> Working data
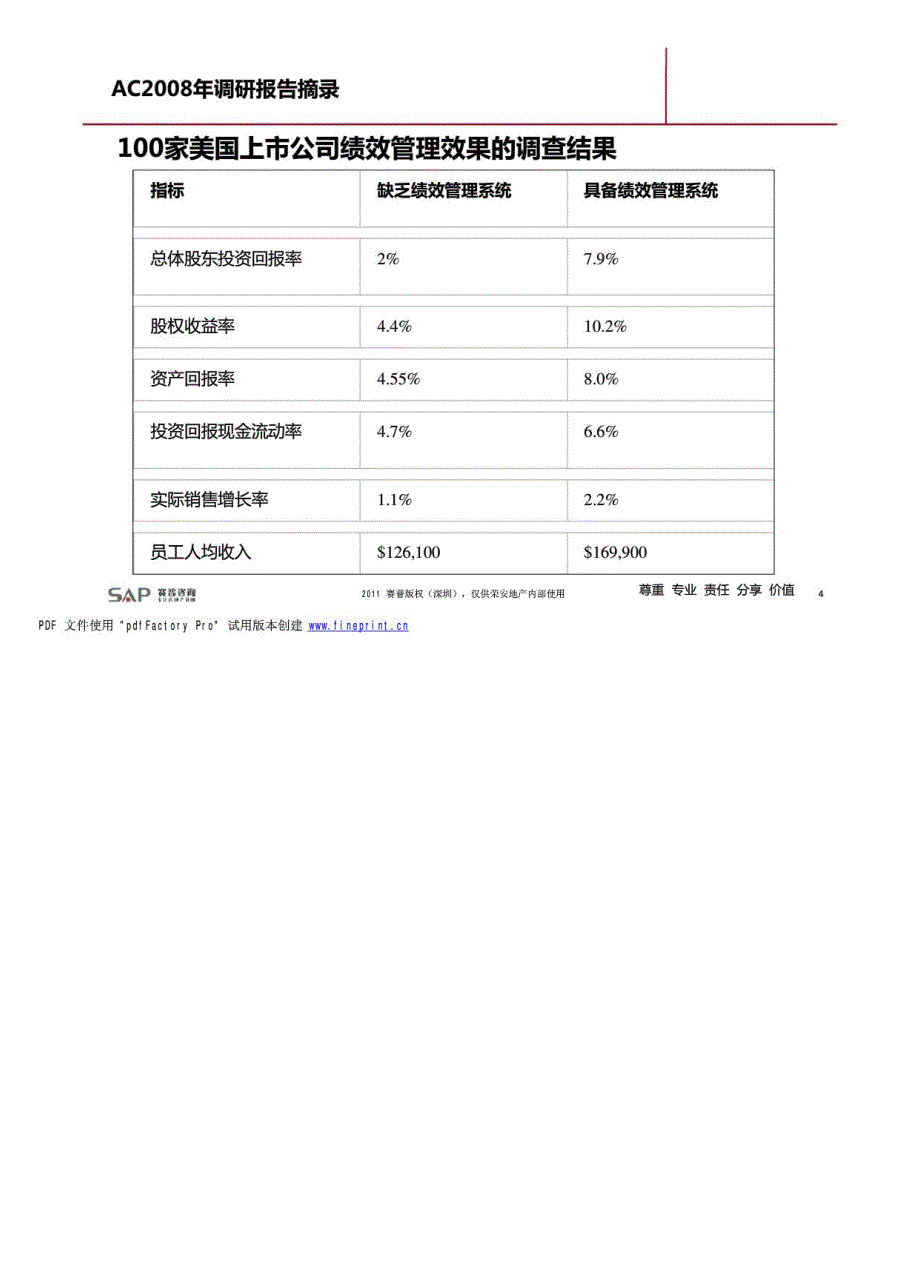 绩效管理体系介绍与实例运用（概念篇）_第4页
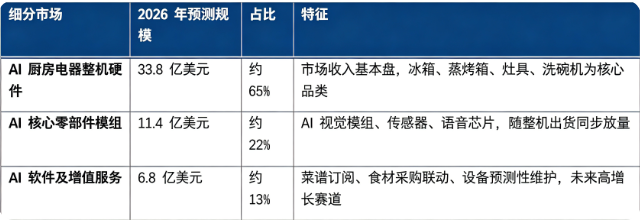 2026 年全球人工智能厨房电器细分市场规模（预测）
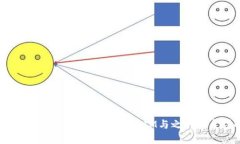 什么是EOSDAC空投？TokenIM与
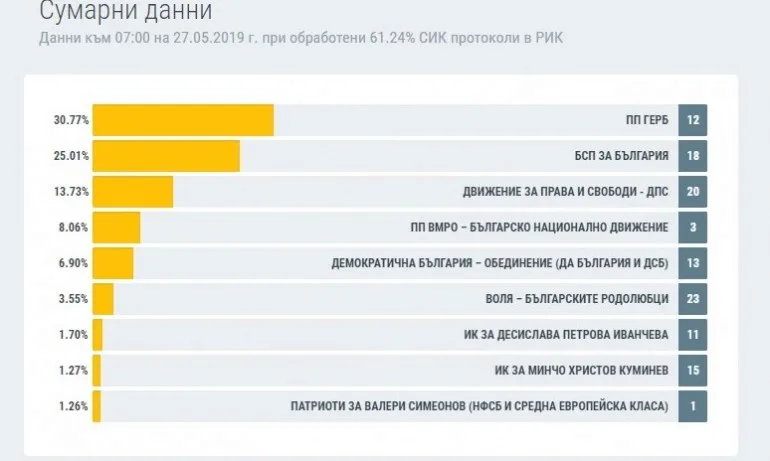 При 61.24% обработени протоколи: ГЕРБ печелят с 30.77% на евроизборите, БСП събрала 25.01% - Tribune.bg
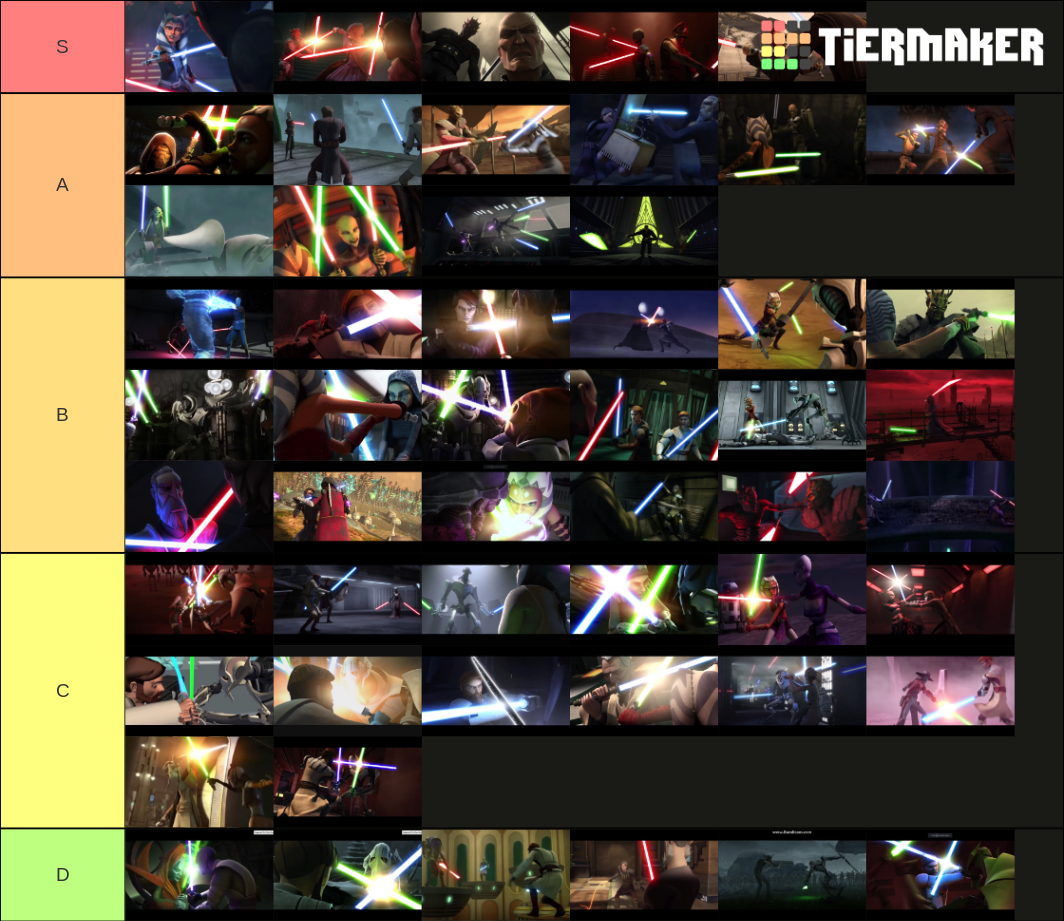 The Clone Wars Lightsaber Battles Ranking Tier List Rankings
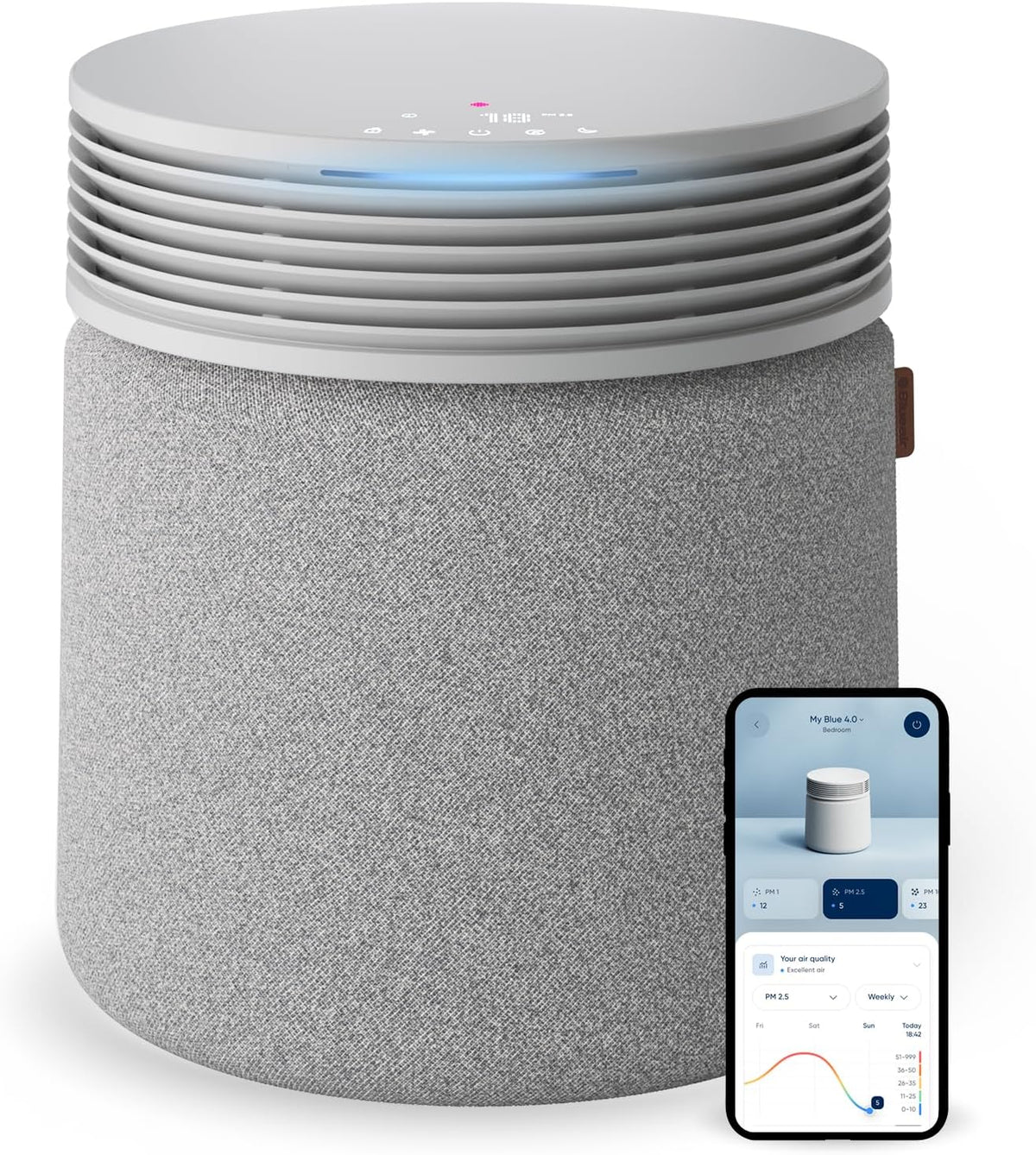 Blueair Air Purifier For Large Rooms, 3385 Square Feet - Blue Signature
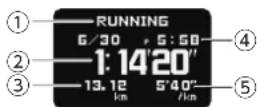 CASIO G-Shock DW-H5600 - - Détails de l'écran récapitulatif Récapitulatif des détails des résultats de mesure - 1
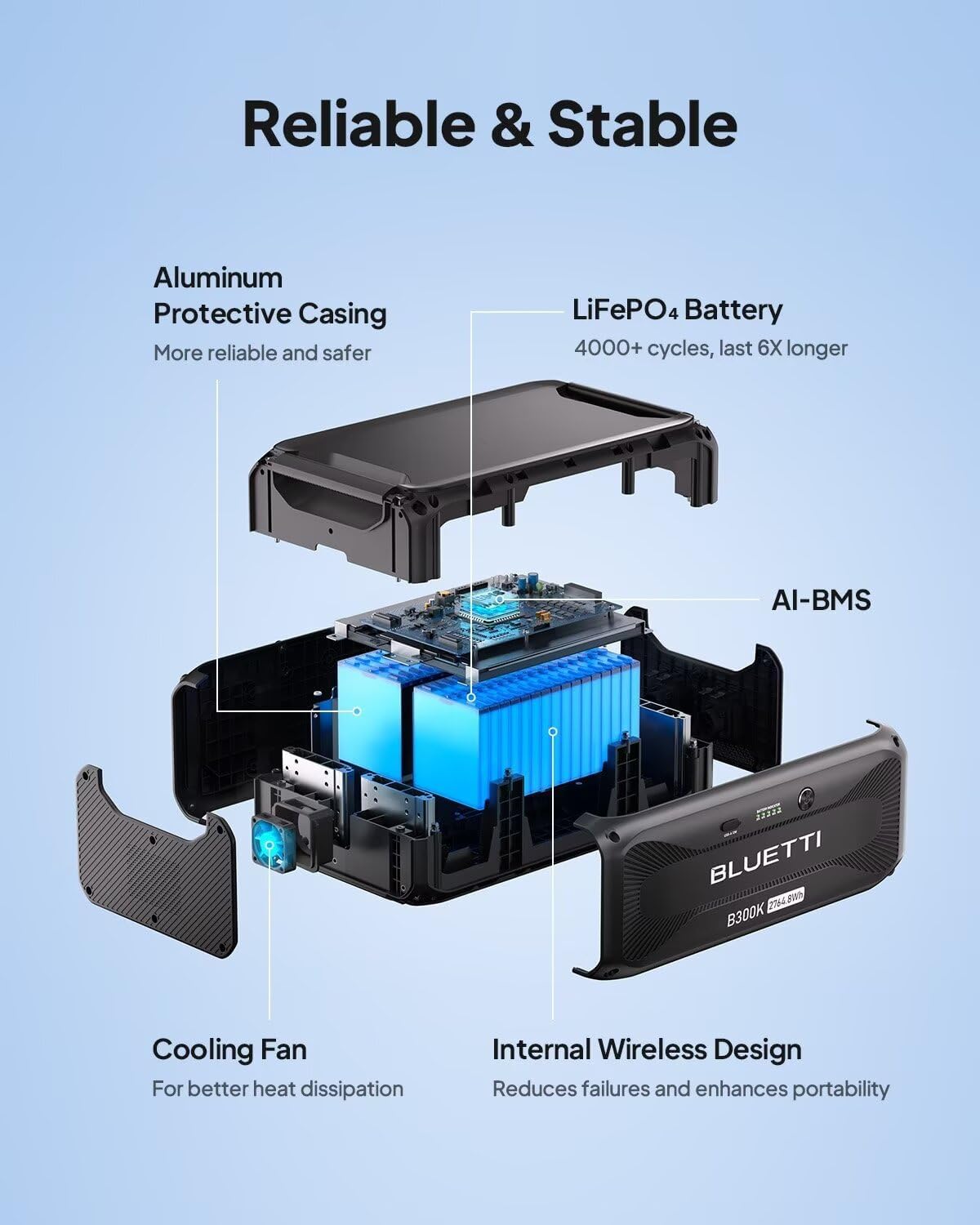 BLUETTI Solar Generator AC500 Review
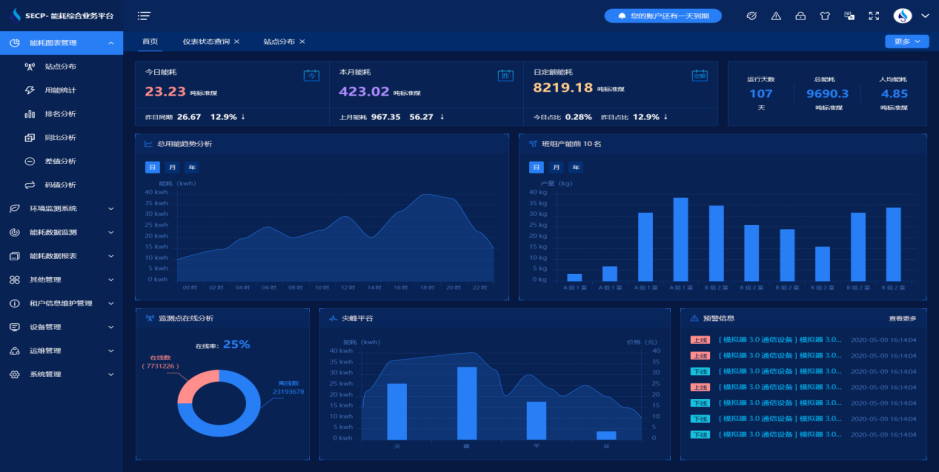 能耗在線監(jiān)測(cè)系統(tǒng)，大型商超，用能管理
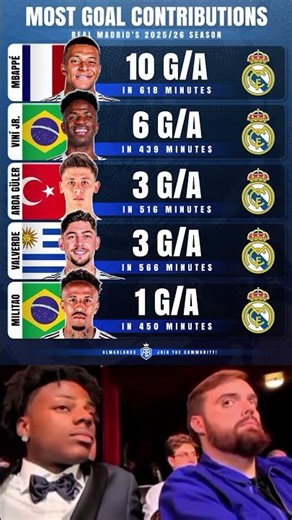 Real Madrid 2025/26 Season Goal Contributions | Mbappé vs Vini Jr vs Güler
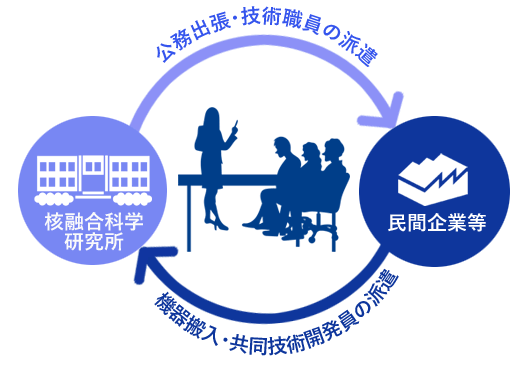共同技術開発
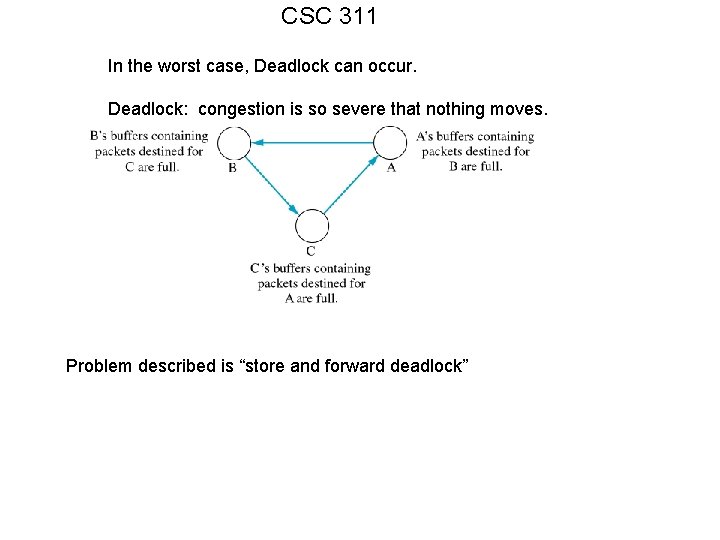 CSC 311 In the worst case, Deadlock can occur. Deadlock: congestion is so severe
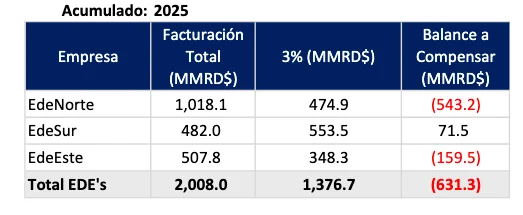 Los ayuntamientos son los responsables del 54 % de la deuda a las EDE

> The task
Reproduce the entries exactly. Do not carry over any picture.

> Task output
 绩效管理体系介绍与实例运用（概念篇）_第4页
 2026 年全球人工智能厨房电器细分市场规模（预测）
 什么是EOSDAC空投？TokenIM与
 При 61.24% обработени протоколи: ГЕРБ печелят с 30.77% на евроизборите, БСП събрала 25.01% - Tribune.bg
 The Clone Wars Lightsaber Battles Ranking Tier List Rankings
 Blueair Air Purifier For Large Rooms, 3385 Square Feet - Blue Signature
 CASIO G-Shock DW-H5600 - - Détails de l'écran récapitulatif Récapitulatif des détails des résultats de mesure - 1
 BLUETTI Solar Generator AC500 Review
 能耗在線監(jiān)測(cè)系統(tǒng)，大型商超，用能管理
 Real Madrid 2025/26 Season Goal Contributions | Mbappé vs Vini Jr vs Güler
共同技術開発
 CSC 311 In the worst case, Deadlock can occur. Deadlock: congestion is so severe
 Los ayuntamientos son los responsables del 54 % de la deuda a las EDE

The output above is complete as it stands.